A. Over a period of at least 6 months, recurrent, intense sexually arousing fantasies, sexual urges, or behaviors involving the act (real, not simulated) of being humiliated, beaten, bound, or otherwise made to suffer.

B. The fantasies, sexual urges, or behaviors cause clinically significant distress or impairment in social, occupational, or other important areas of functioning.

DSM-5

Diagnostic Criteria

A. Over a period of at least 6 months, recurrent and intense sexual arousal from the act of being humiliated, beaten, bound, or otherwise made to suffer, as manifested by fantasies, urges, or behaviors.

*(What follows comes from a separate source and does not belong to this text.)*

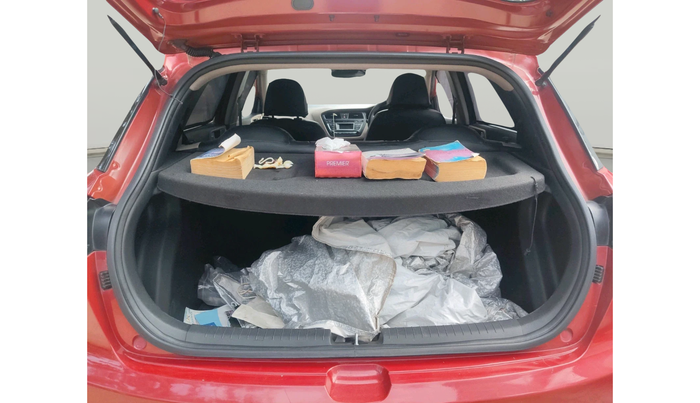 2016 Hyundai Elite i20 SPORTZ 1.2, Petrol, Manual, 1,08,568 km, exterior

B. The fantasies, sexual urges, or behaviors cause clinically significant distress or impairment in social, occupational, or other important areas of functioning.

Specify if:

  • With asphyxiophilia: If the individual engages in the practice of achieving sexual arousal related to restriction of breathing.

Specify if:

  • In a controlled environment: This specifier is primarily applicable to individuals living in institutional or other settings where opportunities to engage in masochistic sexual behaviors are restricted.
  • In full remission: There has been no distress or impairment in social, occupational, or other areas of functioning for at least 5 years while in an uncontrolled environment.

Differential Diagnosis

Many of the conditions that could be differential diagnoses for sexual masochism disorder (e.g., transvestic fetishism, sexual sadism disorder, hypersexuality, alcohol and substance use disorders) sometimes occur also as comorbid diagnoses. Therefore, it is necessary to carefully evaluate the evidence for sexual masochism disorder, keeping the possibility of other paraphilias or other mental disorders as part of the differential diagnosis. Sexual masochism in the absence of distress (i.e., no disorder) is also included in the differential, as individuals who conduct the behaviors may be satisfied with their masochistic orientation.